Given data |
- Opening Delimiter -
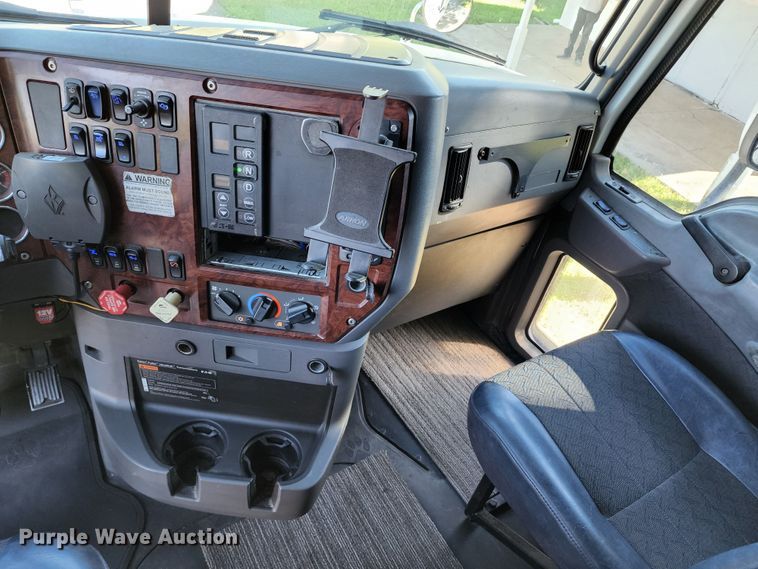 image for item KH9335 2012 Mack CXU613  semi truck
- Closing Delimiter -
- Opening Delimiter -
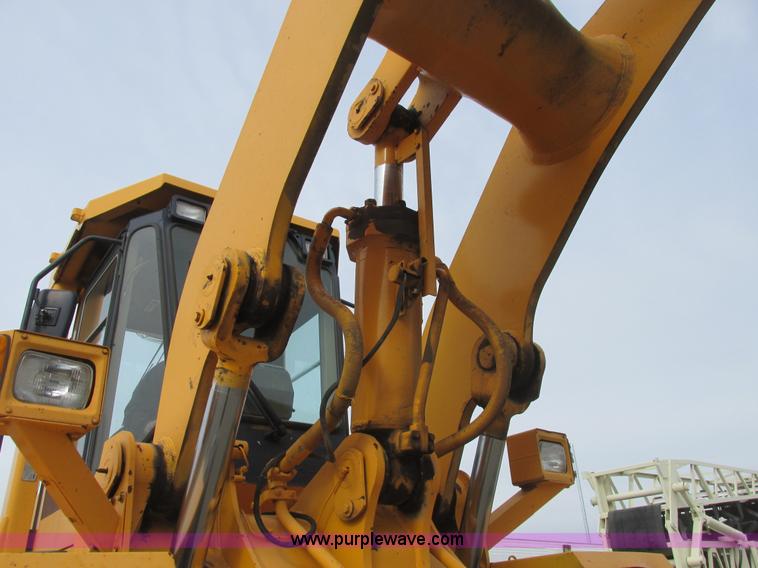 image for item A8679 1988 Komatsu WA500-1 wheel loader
- Closing Delimiter -
- Opening Delimiter -
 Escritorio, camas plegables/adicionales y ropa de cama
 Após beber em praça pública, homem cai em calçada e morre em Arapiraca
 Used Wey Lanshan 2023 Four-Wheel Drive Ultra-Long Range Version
- Closing Delimiter -
Out of the data above, transcribe exactly and only the lines starting with the line that has "Após beber em" and going on through the line that has "Used Wey Lanshan", both included.

 Após beber em praça pública, homem cai em calçada e morre em Arapiraca
 Used Wey Lanshan 2023 Four-Wheel Drive Ultra-Long Range Version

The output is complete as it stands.